Tym razem mężczyzna dostrzegł, że opona została uszkodzona. - Wewnątrz auta mężczyzna zostawił torbę ze sporą gotówką. W tym czasie złodziej wykorzystując jego nieuwagę ukradł wszystkie rzeczy pozostawione na siedzeniu w tym pieniądze oraz dokumenty tożsamości. Kiedy kierowca wszedł do środka zauważył brak torby z zawartością gotówki. Wtedy natychmiast zadzwonił na Policję - dodaje.
To kradzież metodą "na koło". Złodzieje zaczynają od uszkodzenia jednej z opon w aucie. Aucie nieprzypadkowym, bo ofiara jest dokładnie obserwowana. Najczęściej, gdy jest w banku i wypłaca z niego pieniądze. Gdy kierowca wraca do pojazdu i rusza, po chwili słyszy, że coś dzieje się z samochodem i zatrzymuje się, by sprawdzić co się stało.
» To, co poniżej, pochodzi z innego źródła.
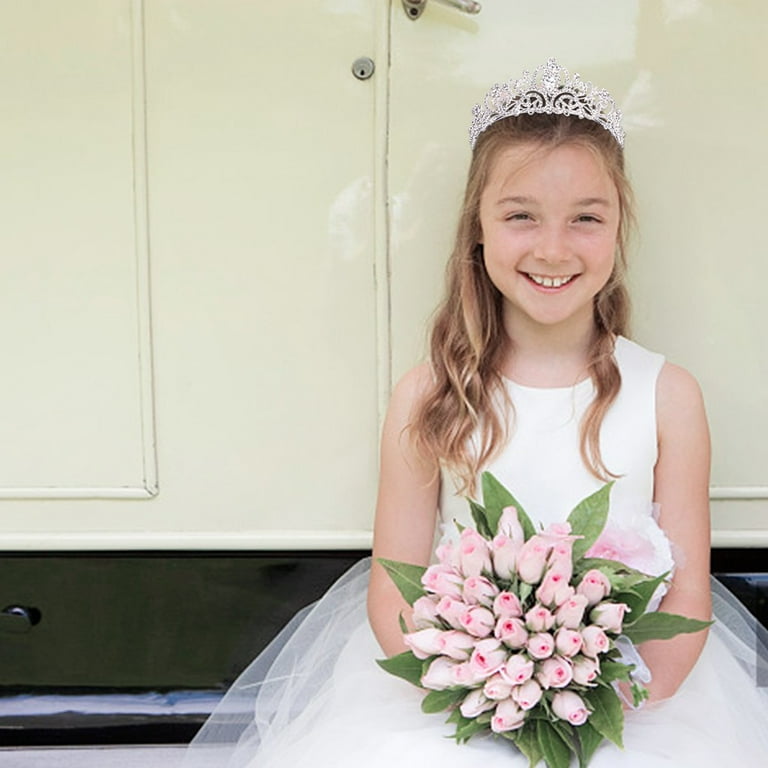 Gealach 1PC Elegant Silver Crown, Crystal Tiara with Comb, Prom/Birthday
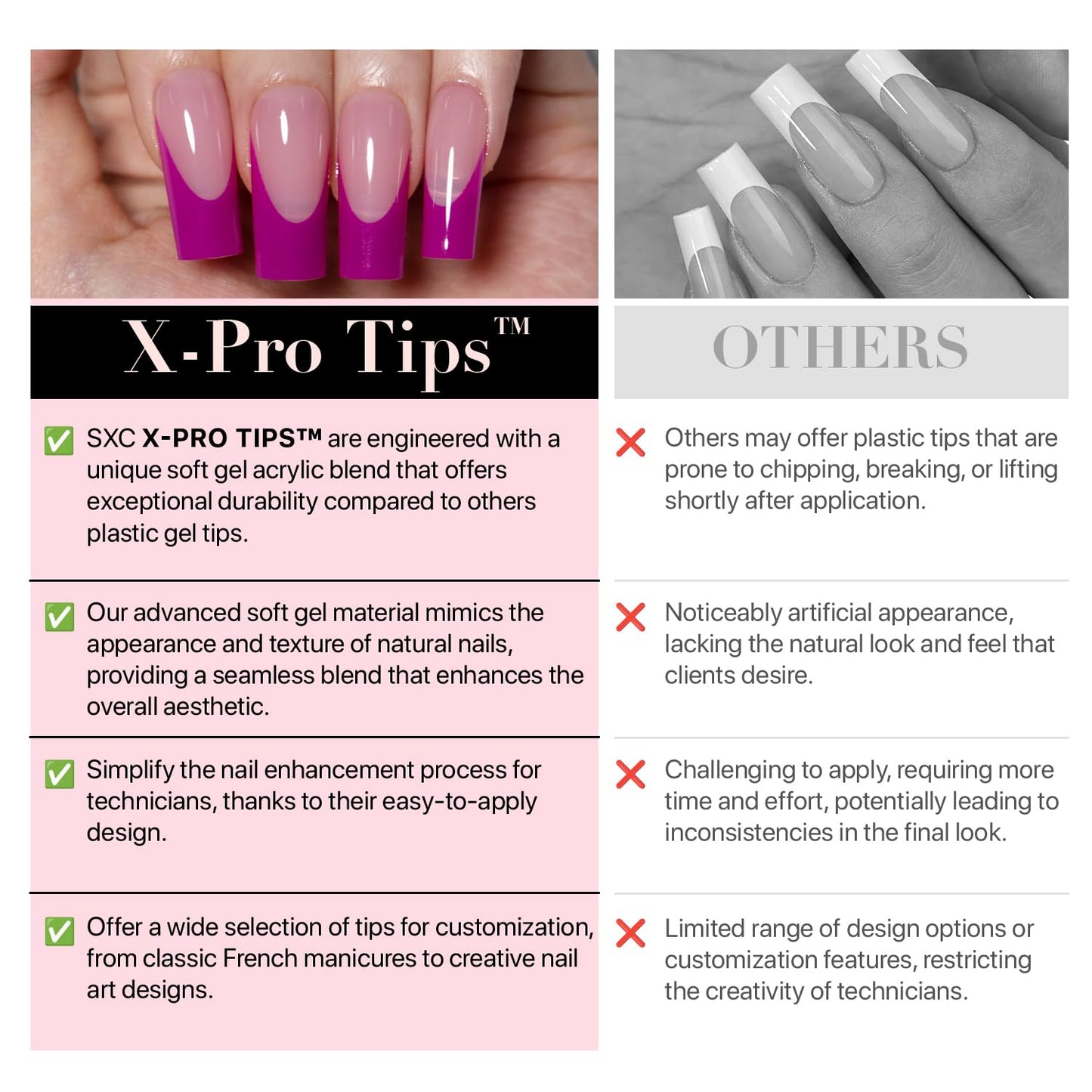 SXC Cosmetics Purple Series French Tip Press On Nails – Medium Almond, X-Pro Tips Starter Kit (150pcs)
Najczęściej zostawia cenne przedmioty w aucie i wychodzi na zewnątrz, by obejrzeć samochód. Wtedy złodzieje ruszają do akcji i zabierają to, co zostało w pojeździe.
- Jeśli wymieniacie koło, upewnijcie się, że samochód jest zamknięty. Jeśli przewozicie sporą gotówkę, warto zapewnić sobie dla bezpieczeństwa np. obecność drugiej osoby. Pamiętajcie! Pieniądze, dokumenty, sprzęt elektroniczny - nigdy nie powinny znajdować się na widoku oraz w takich miejscach, gdzie postronna osoba w kilka sekund może mieć do nich łatwy dostęp - kończy Mróz.